So also, a demand is proper before suit against the holder of goods wrongfully pledged. Henry vs. Marvin, 3 E. D. Smith, 71. Or against the holder of goods, purchased by the plaintiff from their owner. McGinn vs. Worden, 3 E. D. Smith, 155.

But a demand of this nature must be specific, and the party upon whom it is made is entitled to all proper information which he may reasonably require, or it will be insufficient. Breese vs. Bangs, 2 E. D. Smith, 474. If the party upon whom it is made, have any doubt of the demandant's authority, he must inquire of it at the time, and may require reasonable evidence. But if he omit to do so, or rest his refusal upon a false pretence, he cannot afterwards object. Tuttle vs. Glad ding, 2 E. D. Smith, 157. But the demand should be made by the claimant in person, or some one duly authorized to make it. Bliss vs. Cottle, 32 Barb., 322.

Demand will be sufficient, if made of one of several joint holders. Ball vs. Larkin, 3 E. D. Smith, 555. Or against an agent fully authorized, as the baggage master at a railroad station, in an action for loss of baggage. Cass vs. The New York and New Haven Railroad Company, 1 E. D. Smith, 522.

But, when demand is made, ability to comply with it at the time, must be shown, or an action in this form will not be maintainable. Whitney vs. Slauson, 28 Barb., 276; Bowman vs. Eaton, 24 Barb., 528; Andrews vs. Shattuck, 32 Barb., 396.

As to how far the acts of an officer of a corporation, may or may not amount to a conversion by the corporation itself, and also as to the effect of a qualified refusal to deliver on demand, and as to that of a subsequent offer before suit brought, see Thomson vs.
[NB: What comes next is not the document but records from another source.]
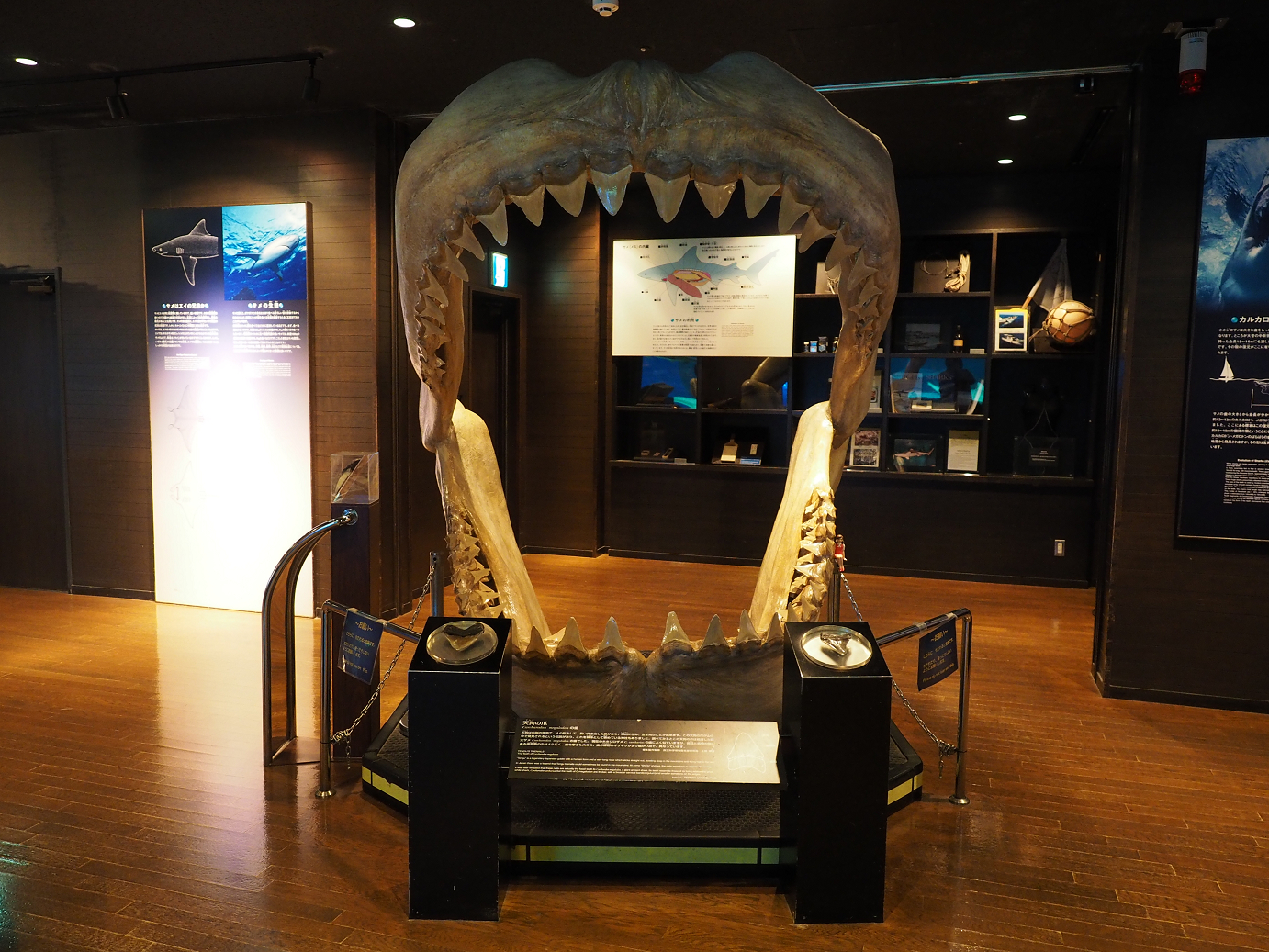 P1210271.jpg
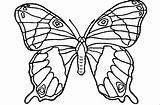Schmetterling Ausmalen sketch template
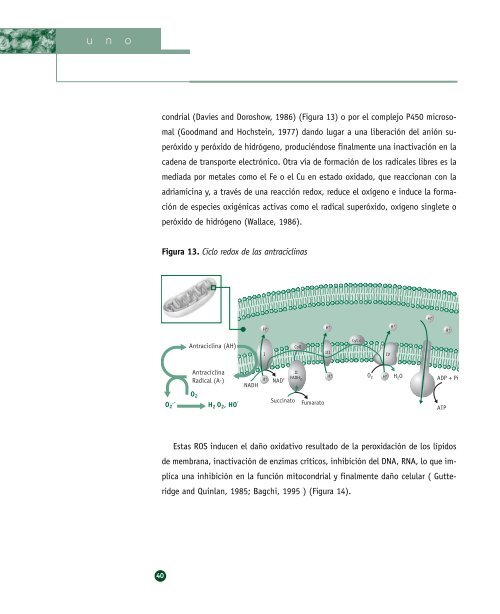 Biodisponibilidad de los flavonoides de la ... - Cerveza y Salud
Sixpenny Savings Bank of City of New York, 5 Bosw., 296.

Where the taking by the defendant into his possession is wrongful, the rule will be reversed, and an action is maintainable without any previ

ous demand. Moses vs. Walker, 2 Hilt., 536; Pringle vs. Phillips, 5 Sandf., 157; Zachrisson vs. Ahman, 2 Sandf., 68; McKie vs. Judd, 2 Kern., 622 (626); Davison vs. Donadi, 2 E. D. Smith, 121; New York Car Oil Company vs. Richmond, 6 Bosw., 213.
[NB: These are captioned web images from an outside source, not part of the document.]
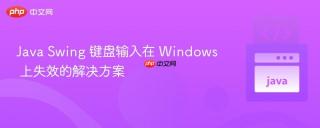 Java Swing 键盘输入在 Windows 上失效的解决方案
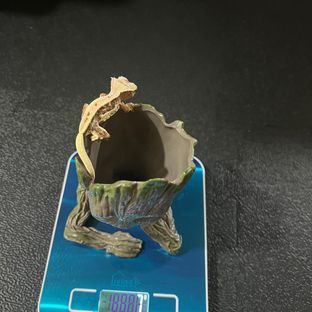 9번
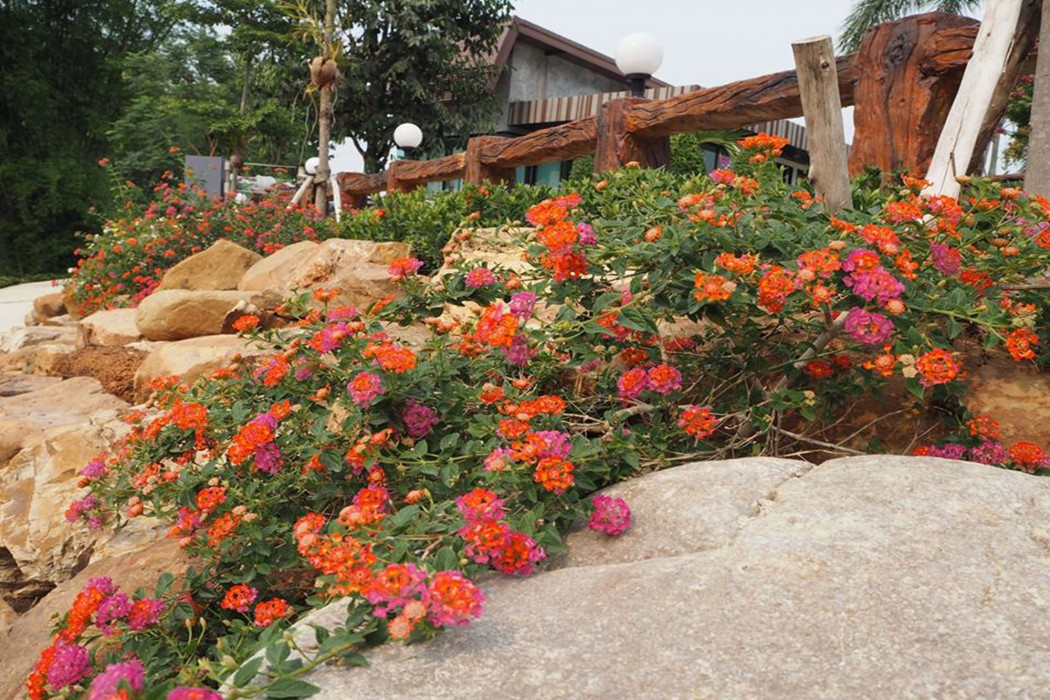 The Canal Garden Resort 23/60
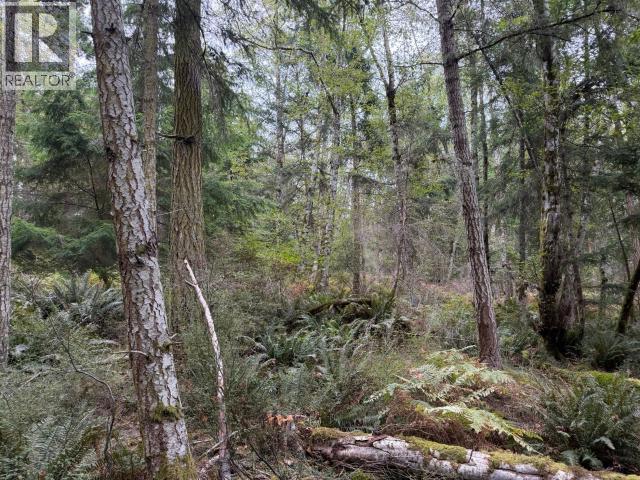 Photo 26 of 42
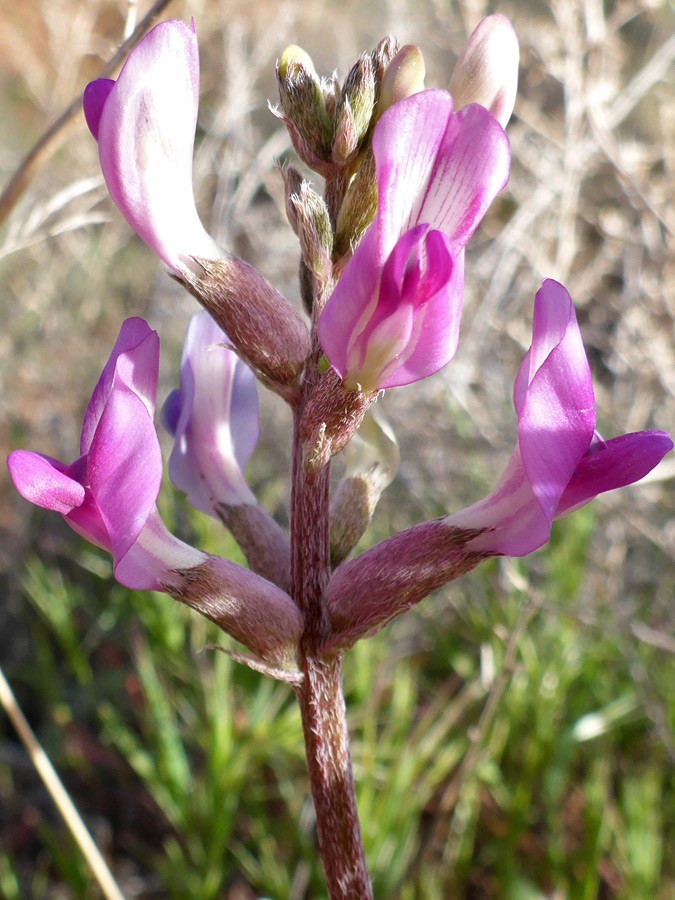 Whorled flowers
Nor, where the possession of the defendants is of this nature, will any previous tender of any lien which they might otherwise claim, be requisite. Walther vs. Wetmore, 1 E. D. Smith, 7.

In a complaint of this nature, an actual fraudulent conversion by the plaintiff must be both alleged and proved. Howell vs. Kroose, 4 E. D. Smith, 357; 2 Abb., 167; Hall vs. Robinson, 2 Comst., 293. And proof of a demand and refusal are only primâ facie evidence, and will not suffice, without further proof of actual fraud and negativing any adverse implication. Boyle vs. Roche, 2 E. D. Smith, 335.
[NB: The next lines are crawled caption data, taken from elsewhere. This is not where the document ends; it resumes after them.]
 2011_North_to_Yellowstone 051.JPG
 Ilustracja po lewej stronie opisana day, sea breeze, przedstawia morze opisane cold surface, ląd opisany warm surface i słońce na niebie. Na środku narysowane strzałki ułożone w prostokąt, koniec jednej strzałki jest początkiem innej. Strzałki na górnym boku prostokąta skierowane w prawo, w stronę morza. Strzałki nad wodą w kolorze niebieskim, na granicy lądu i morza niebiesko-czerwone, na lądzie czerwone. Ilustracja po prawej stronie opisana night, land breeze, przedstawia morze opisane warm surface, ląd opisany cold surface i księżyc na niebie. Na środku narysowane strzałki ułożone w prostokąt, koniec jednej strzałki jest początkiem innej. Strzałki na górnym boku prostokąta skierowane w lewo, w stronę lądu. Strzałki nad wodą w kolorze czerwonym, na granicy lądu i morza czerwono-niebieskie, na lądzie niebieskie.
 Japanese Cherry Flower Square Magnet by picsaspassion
Where the title of the plaintiff to the subject-matter of the action is dependent upon the construction of a written document, that document should be set forth, or its purport sufficiently alleged. And if an objection to the plaintiff's recovery appears upon the face of the complaint, it will, of course, be held defective. Fairbanks vs. Bloomfield, 2 Duer, 349.

But, under ordinary circumstances, a general allegation of ownership, without stating details, will be both sufficient and proper, and a bill of sale under which such ownership is derived, may be given in evidence without special allegation. Heine vs. Anderson, 3 Duer, 318. An issue joined on this allegation, admits any description of counter-evidence on the part of the defendant. Davis vs. Hoppock, 6 Duer, 254.

In an action for the wrongful taking of goods, ownership in the plaintiff need not be alleged, and even an allegation from which possession may be implied, will suffice. Kissam vs. Roberts, 6 Bosw., 154.

And in an action on the ground of fraud, a general claim of ownership will be sufficient, without any detailed allegation of the facts con· stituting the plaintiff's title. Bliss vs. Cottle, 32 Barb., 322.

Any lengthened statement of details as to the nature of the ownership of the plaintiff, or the mode of conversion by the defendant, will, with the exception above noticed, be not only wholly unnecessary, but may be stricken out as irrelevant and redundant. Moffatt vs. Pratt, 12 How., 48.

A mere breach of duty, as that of an agent intrusted with property, and selling it at an undervalue, contrary to instructions, will not be sufficient to constitute a conversion, and a variance of this nature between the allegation and the proof, will be fatal. Moore vs. McKib bin, 33 Barb., 246.

§ 144. Averments in Tort.—Continued.

Breach of Duty or Contract.

(a.) COMMON CARRIERS.

In a suit against a person or a corporation, standing in this relation to the public, the liability to be enforced is of a mixed nature, arising mainly in respect of breach of duty, and also, to some extent, in respect of breach of the implied contract for safe carriage and delivery. The former is however the dominant principle, and, as a general rule, an action of this description sounds in tort.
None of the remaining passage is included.